Dunkdafied. If you missed Florida Gulf Coast’s upset win, believe me when I tell you there’s a lot more where this came from.

Friday’s All–Americans.

  • Doug McDermott, Creighton (NPOY) – A tough second-round matchup with Cincinnati elicited one of the best individual performances of the season (27 points, 11 rebounds) from McDermott. 
  • Andre Hollins, Minnesota – What’s impressive about Hollins’ efforts in Friday’s win over UCLA isn’t the 28 points as much as it is the nine rebounds.
  • Khalif Wyatt, Temple – No player in the country has more of an “old man’s game” than Wyatt, who mixes mediocre athleticism and off-kilter shoulder shakes and quirky release points to form one of the weirdest yet most effective offensive arsenals in the country.

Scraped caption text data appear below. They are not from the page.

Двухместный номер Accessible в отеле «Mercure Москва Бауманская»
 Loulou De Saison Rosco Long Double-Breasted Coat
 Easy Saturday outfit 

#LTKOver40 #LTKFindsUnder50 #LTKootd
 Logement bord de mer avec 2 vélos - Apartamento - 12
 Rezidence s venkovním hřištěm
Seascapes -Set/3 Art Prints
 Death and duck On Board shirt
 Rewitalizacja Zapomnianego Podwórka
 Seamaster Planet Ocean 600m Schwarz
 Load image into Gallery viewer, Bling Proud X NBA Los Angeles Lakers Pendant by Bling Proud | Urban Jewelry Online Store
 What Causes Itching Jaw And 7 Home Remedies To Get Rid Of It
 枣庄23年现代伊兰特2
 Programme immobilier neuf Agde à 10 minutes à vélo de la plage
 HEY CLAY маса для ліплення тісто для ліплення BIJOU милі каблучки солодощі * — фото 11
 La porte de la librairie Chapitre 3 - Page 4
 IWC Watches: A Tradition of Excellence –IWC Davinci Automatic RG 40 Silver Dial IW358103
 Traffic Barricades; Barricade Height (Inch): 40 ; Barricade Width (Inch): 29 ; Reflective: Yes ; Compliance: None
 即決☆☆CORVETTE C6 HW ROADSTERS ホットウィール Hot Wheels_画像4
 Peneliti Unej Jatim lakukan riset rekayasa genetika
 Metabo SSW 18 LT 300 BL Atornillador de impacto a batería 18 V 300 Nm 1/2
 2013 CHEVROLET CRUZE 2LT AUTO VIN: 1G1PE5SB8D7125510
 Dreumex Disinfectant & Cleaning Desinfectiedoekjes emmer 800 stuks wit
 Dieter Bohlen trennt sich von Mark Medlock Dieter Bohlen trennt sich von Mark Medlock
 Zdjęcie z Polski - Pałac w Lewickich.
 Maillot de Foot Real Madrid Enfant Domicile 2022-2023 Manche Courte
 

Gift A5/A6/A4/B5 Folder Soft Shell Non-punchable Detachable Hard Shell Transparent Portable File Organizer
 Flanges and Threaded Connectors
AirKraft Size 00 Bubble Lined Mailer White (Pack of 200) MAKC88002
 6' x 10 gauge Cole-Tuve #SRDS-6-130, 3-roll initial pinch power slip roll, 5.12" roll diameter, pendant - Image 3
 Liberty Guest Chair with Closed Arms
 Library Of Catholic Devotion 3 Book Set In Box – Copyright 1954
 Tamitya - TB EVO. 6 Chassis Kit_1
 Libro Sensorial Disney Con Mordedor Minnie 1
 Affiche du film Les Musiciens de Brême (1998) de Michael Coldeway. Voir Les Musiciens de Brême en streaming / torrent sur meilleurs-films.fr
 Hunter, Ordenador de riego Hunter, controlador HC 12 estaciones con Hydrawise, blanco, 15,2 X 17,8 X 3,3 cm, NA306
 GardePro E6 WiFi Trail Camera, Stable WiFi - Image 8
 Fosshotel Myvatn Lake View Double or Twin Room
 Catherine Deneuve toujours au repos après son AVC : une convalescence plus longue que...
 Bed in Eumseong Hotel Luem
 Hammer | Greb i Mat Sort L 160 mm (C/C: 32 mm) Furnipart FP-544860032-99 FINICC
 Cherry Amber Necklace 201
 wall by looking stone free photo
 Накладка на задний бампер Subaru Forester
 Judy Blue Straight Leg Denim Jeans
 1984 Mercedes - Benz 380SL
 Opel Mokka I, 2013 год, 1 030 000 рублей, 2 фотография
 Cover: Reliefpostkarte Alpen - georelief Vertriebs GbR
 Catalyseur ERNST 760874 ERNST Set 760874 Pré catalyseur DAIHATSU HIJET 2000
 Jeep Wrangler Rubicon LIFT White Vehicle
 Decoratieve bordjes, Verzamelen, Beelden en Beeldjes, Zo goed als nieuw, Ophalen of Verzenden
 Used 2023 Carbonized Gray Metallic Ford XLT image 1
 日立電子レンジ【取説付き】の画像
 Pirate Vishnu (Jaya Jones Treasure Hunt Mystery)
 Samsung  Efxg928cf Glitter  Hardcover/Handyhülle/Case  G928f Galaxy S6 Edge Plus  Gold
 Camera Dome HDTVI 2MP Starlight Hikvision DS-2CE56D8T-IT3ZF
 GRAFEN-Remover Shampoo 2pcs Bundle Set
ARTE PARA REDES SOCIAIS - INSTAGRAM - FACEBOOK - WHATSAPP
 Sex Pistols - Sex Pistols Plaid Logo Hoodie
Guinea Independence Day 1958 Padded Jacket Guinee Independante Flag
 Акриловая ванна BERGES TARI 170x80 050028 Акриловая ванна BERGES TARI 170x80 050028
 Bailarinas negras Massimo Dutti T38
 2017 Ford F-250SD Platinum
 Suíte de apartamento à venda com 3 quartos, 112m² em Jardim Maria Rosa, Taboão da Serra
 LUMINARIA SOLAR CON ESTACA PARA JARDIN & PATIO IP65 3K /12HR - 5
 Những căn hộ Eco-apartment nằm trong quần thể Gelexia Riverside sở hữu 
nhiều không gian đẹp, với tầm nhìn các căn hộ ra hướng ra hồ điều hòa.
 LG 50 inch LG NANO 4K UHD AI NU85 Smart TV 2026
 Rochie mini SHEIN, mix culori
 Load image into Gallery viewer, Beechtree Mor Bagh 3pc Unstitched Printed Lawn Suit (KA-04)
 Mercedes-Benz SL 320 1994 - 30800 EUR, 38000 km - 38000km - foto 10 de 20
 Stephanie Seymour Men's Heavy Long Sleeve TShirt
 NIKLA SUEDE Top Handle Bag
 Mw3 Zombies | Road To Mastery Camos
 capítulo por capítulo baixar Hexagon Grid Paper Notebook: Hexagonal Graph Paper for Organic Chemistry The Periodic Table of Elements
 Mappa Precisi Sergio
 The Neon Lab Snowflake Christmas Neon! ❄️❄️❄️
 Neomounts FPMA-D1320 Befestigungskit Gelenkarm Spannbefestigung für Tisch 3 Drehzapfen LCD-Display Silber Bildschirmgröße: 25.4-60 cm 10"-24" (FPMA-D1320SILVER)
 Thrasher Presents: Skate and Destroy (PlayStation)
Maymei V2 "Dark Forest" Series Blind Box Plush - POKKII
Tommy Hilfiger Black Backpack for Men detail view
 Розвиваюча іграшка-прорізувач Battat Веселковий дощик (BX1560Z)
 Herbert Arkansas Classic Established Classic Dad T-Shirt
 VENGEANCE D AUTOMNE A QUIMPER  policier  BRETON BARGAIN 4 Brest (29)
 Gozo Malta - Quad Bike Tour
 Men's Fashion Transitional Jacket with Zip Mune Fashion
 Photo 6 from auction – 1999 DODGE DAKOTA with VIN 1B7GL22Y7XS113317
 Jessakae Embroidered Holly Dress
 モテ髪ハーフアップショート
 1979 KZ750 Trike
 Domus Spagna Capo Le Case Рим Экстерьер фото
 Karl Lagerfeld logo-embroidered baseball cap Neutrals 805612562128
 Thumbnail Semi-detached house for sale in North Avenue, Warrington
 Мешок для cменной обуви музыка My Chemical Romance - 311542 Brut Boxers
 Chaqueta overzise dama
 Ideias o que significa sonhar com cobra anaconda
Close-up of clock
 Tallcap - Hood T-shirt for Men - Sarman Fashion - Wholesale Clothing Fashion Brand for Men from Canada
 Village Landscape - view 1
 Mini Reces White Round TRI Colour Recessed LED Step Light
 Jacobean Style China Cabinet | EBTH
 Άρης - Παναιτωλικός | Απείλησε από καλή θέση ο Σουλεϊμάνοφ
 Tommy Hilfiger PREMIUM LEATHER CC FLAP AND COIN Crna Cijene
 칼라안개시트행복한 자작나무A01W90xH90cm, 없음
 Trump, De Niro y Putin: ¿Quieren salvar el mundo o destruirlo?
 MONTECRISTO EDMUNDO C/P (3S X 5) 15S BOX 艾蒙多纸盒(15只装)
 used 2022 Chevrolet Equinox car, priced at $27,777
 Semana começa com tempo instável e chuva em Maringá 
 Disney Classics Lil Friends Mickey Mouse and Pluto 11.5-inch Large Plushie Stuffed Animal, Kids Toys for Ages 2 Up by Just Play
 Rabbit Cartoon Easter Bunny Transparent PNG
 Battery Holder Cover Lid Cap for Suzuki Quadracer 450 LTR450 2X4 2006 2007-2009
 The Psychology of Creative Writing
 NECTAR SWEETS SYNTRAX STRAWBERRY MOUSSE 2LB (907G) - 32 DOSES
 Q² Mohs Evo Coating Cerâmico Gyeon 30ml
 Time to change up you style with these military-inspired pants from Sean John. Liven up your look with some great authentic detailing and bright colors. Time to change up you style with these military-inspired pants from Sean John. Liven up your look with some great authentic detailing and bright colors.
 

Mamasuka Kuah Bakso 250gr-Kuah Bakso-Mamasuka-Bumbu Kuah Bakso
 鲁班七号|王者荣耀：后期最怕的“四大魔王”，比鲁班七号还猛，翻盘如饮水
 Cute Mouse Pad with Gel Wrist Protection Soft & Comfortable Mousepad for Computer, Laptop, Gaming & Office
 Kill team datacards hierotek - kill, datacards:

His old man’s game produced 31 points to the detriment of NC State’s permissive defense.
  • Jerrell Wright, La Salle – The best individual performances from La Salle have typically come from its guards. On Friday, forward Wright led the Explorers over K-State with 21 points and eight boards.
  • Jeff Withey, Kansas – Were it not for Withey’s 17 points and seven blocks, Kansas might not have escaped Western Kentucky Friday night in a game that, even with Withey’s massive efforts, was much closer than it ever should have been. The Jayhawks won by seven.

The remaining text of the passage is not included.